The SJ Mercury News (and lots of other people) are reporting that the US Justice department is trying to get Google to disclose massive amounts of search index data. What’s unique and troubling about this is that Justice aren’t claiming that Google have done anything wrong or that the Google information directly relates to any crime: they just want use Google’s index as a way to save themselves the hassle of indexing the web for themselves.
This is sheer laziness (and nigh on lunacy). If Justice wanted to crawl the whole web and index it, most people would have a cow. We would scream about unwarranted government oversight into free speech and expression. We would complain about the wasted government resources from an administration that appears to be a little bit obsessed with sex. Likewise, we should complain just as loudly when they ask Google to use their information for free.
There are lots of appropriate ways for the US Federal government to use information from private companies to carry out legitimate government missions. Heck, Renesys is involved in several of these. We believe that the information services that we provide about the Internet are useful as part of various government efforts to understand and secure infrastructure. We work with several US Federal agencies and groups providing services for Internet infrastructure protection, and we’re happy to do so. Those people have hard jobs and our information and tools hopefully make those jobs a little bit easier. That’s something we’re proud of. But we would resist being forced to give up that kind of information for free, even though the information that we offer is global in nature and does not offer much in the way of individually identifiable information.

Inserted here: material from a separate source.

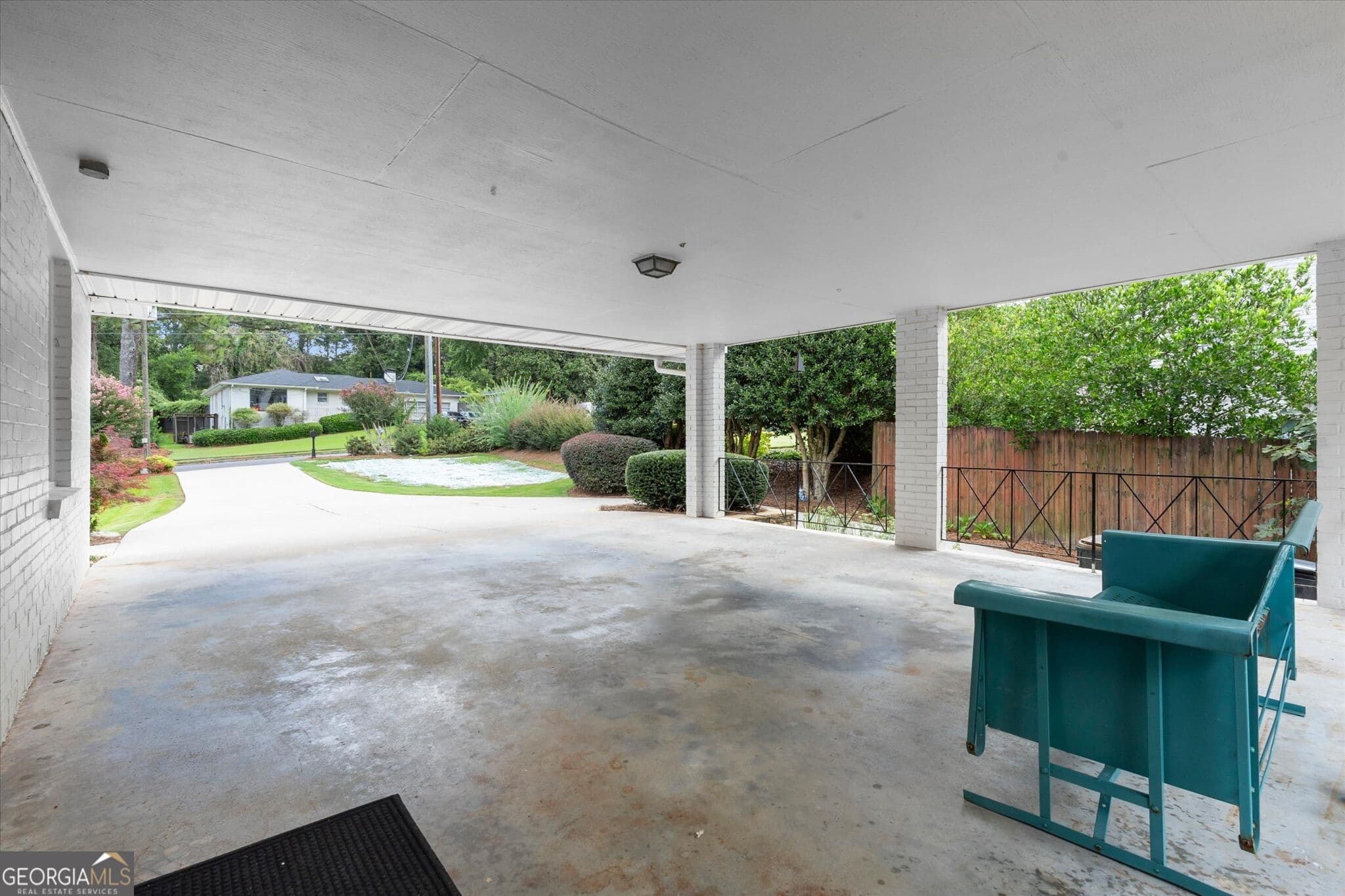 4 bedroom, 3 bathroom, 3,100 sq ft single family residence for sale at 6350 N Hampton Drive, Sandy Springs, GA 30328 — photo 3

Now, look quickly at the purpose the Justice Department states for the required data from Google: they want one or more big search indexes to try to determine the probability that a child will receive “inappropriate content” as the result of a search. Given that they want to regulate “inappropriate content” with protection of children as the stated goal, this seems like a reasonable research question. Guess what? Amazon’s Alexa search engine has opened up their entire index for commercial use (more about possible other implications of this in some future posting, I’m sure). Moreover, Alexa tags every result page with “porn”/”not porn”. According to Alexa, indexing the whole web costs a few thousand US$. So why doesn’t Justice just pay for it rather than try to get it for free from Google?
It’s even scarier to note that the Justice Department claims that “other, unspecified search engines have agreed to release the information, but not Google.” And you thought Google was overreaching and concerning? What about those “unspecified search engines” who turned over this data?